◆ EXTRACTED DATA:

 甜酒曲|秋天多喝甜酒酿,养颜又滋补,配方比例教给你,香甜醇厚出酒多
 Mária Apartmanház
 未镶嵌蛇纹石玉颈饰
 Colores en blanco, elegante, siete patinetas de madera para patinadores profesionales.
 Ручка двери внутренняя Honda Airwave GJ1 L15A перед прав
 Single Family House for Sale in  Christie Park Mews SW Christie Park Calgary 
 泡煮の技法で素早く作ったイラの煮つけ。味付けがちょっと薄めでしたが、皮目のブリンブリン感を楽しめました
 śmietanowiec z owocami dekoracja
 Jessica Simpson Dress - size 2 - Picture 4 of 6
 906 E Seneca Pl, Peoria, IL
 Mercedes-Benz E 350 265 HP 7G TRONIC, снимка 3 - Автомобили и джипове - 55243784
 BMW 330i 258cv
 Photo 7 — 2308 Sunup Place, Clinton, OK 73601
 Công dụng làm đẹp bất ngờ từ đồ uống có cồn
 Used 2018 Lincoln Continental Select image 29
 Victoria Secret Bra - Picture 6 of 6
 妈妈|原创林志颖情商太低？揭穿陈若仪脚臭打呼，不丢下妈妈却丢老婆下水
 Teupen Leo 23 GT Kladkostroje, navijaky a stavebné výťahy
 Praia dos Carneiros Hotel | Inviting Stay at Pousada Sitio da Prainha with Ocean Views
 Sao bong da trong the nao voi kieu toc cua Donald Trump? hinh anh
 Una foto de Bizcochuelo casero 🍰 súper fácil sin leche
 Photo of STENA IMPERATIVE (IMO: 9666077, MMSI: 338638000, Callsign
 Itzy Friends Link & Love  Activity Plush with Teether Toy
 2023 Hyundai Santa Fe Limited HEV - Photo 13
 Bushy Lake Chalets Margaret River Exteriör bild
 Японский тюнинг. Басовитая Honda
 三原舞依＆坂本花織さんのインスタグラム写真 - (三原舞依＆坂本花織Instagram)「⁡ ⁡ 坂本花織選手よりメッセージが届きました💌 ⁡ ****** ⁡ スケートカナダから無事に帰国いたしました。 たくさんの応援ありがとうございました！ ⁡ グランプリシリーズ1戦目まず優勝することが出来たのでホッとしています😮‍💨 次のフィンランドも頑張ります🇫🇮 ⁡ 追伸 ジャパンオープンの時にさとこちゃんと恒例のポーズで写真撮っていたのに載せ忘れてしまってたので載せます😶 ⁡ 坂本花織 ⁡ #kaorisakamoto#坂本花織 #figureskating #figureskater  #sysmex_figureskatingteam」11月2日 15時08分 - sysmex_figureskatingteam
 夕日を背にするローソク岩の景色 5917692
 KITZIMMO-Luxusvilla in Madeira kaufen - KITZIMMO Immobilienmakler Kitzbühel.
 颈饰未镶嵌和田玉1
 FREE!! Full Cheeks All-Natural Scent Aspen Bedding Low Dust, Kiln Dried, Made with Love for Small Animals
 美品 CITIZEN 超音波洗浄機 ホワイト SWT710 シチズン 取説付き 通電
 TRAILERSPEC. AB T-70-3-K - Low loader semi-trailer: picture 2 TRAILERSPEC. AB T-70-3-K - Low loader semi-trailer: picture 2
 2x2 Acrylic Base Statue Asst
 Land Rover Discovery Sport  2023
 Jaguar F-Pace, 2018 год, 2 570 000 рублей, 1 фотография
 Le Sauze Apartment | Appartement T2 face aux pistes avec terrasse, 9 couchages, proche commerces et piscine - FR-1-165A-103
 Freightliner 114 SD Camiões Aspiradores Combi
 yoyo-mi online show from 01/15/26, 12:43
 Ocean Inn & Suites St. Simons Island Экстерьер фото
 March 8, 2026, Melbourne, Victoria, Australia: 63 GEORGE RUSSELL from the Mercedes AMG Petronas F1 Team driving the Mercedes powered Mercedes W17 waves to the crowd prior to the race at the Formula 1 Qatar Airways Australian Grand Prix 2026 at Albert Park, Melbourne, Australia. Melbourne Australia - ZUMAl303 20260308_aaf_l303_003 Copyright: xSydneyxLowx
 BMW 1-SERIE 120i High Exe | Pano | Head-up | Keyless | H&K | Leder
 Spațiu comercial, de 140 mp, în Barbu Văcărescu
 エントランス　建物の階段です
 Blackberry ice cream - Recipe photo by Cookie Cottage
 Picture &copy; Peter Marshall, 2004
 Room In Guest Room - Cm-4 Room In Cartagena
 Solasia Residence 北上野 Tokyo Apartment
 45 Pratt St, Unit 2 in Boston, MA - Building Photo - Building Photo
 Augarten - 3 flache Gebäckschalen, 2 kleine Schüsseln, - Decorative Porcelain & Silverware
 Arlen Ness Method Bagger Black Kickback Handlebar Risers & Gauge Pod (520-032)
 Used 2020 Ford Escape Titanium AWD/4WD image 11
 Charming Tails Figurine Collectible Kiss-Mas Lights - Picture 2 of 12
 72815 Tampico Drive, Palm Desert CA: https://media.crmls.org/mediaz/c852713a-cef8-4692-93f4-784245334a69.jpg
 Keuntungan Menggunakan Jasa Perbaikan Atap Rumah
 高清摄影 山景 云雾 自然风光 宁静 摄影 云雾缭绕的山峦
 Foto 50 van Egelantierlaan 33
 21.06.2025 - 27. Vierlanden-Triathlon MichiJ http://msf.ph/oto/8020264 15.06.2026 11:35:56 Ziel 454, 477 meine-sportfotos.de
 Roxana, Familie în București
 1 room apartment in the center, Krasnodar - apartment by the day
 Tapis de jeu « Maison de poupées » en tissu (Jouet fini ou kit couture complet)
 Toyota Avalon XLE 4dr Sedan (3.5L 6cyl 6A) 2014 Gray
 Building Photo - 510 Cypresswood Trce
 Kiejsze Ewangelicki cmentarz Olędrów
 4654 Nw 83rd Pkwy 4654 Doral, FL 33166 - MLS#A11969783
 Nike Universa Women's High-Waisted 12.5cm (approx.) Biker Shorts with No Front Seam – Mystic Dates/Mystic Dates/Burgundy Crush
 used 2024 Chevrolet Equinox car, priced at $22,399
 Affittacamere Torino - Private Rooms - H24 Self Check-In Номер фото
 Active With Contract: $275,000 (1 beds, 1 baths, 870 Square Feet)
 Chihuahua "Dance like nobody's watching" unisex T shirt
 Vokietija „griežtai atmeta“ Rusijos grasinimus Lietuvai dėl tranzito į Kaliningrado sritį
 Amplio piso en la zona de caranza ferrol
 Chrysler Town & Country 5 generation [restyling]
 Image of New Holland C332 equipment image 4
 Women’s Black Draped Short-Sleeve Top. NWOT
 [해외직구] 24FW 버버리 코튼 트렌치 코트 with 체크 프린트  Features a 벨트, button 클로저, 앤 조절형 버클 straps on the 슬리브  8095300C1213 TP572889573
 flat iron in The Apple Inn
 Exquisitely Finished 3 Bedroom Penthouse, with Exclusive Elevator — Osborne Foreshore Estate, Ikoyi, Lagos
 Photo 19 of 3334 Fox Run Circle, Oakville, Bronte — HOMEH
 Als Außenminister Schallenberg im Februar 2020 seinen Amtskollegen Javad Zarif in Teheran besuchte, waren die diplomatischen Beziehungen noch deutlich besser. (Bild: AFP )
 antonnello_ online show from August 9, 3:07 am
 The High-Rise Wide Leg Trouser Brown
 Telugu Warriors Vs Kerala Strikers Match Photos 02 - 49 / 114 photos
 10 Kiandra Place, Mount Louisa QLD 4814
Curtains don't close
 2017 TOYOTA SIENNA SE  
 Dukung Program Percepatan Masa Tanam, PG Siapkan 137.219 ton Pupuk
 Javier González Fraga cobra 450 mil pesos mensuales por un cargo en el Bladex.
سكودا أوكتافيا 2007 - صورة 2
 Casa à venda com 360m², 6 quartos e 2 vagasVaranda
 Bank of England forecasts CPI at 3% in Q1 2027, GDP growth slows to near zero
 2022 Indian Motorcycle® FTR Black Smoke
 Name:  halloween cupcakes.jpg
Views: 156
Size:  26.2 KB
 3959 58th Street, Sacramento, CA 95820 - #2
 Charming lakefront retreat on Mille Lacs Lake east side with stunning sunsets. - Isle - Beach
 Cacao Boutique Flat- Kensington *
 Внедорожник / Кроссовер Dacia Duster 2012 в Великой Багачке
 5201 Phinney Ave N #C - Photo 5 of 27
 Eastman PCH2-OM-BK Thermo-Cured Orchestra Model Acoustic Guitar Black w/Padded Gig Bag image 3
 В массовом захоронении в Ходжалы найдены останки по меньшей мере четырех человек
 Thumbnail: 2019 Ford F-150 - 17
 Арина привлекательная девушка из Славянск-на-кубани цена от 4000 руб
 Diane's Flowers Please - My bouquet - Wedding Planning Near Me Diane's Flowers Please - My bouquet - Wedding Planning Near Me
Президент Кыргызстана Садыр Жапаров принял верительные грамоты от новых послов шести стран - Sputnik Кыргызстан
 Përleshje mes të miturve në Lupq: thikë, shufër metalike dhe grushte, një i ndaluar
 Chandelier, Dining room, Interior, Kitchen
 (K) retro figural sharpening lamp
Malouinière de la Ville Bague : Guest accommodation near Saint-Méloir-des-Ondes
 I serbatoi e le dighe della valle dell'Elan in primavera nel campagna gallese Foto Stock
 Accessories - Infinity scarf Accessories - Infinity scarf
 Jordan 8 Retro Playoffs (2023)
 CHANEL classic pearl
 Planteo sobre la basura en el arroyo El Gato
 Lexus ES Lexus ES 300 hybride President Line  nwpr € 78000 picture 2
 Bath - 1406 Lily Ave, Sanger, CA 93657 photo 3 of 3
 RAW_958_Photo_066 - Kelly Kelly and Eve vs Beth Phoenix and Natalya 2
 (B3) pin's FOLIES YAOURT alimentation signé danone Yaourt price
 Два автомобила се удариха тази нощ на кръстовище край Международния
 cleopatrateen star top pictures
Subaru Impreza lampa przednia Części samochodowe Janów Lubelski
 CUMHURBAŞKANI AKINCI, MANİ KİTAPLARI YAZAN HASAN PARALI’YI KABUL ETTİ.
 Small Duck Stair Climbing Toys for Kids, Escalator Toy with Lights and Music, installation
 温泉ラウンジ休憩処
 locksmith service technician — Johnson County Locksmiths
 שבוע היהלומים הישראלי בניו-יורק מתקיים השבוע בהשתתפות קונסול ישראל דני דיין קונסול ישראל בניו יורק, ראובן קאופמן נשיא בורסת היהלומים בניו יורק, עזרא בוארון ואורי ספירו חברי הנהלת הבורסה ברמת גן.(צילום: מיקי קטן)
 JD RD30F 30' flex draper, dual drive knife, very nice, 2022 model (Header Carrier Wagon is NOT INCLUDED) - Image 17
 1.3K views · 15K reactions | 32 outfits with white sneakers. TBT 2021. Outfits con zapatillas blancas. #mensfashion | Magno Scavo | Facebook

◆ PROBLEM TO WORK ON: Among the records above, only the lines between the line holding "エントランス　建物の階段です" and the line holding "Toyota Avalon XLE", inclusive, are to be output, exactly as written.

◆ RESPONSE:
 エントランス　建物の階段です
 Blackberry ice cream - Recipe photo by Cookie Cottage
 Picture &copy; Peter Marshall, 2004
 Room In Guest Room - Cm-4 Room In Cartagena
 Solasia Residence 北上野 Tokyo Apartment
 45 Pratt St, Unit 2 in Boston, MA - Building Photo - Building Photo
 Augarten - 3 flache Gebäckschalen, 2 kleine Schüsseln, - Decorative Porcelain & Silverware
 Arlen Ness Method Bagger Black Kickback Handlebar Risers & Gauge Pod (520-032)
 Used 2020 Ford Escape Titanium AWD/4WD image 11
 Charming Tails Figurine Collectible Kiss-Mas Lights - Picture 2 of 12
 72815 Tampico Drive, Palm Desert CA: https://media.crmls.org/mediaz/c852713a-cef8-4692-93f4-784245334a69.jpg
 Keuntungan Menggunakan Jasa Perbaikan Atap Rumah
 高清摄影 山景 云雾 自然风光 宁静 摄影 云雾缭绕的山峦
 Foto 50 van Egelantierlaan 33
 21.06.2025 - 27. Vierlanden-Triathlon MichiJ http://msf.ph/oto/8020264 15.06.2026 11:35:56 Ziel 454, 477 meine-sportfotos.de
 Roxana, Familie în București
 1 room apartment in the center, Krasnodar - apartment by the day
 Tapis de jeu « Maison de poupées » en tissu (Jouet fini ou kit couture complet)
 Toyota Avalon XLE 4dr Sedan (3.5L 6cyl 6A) 2014 Gray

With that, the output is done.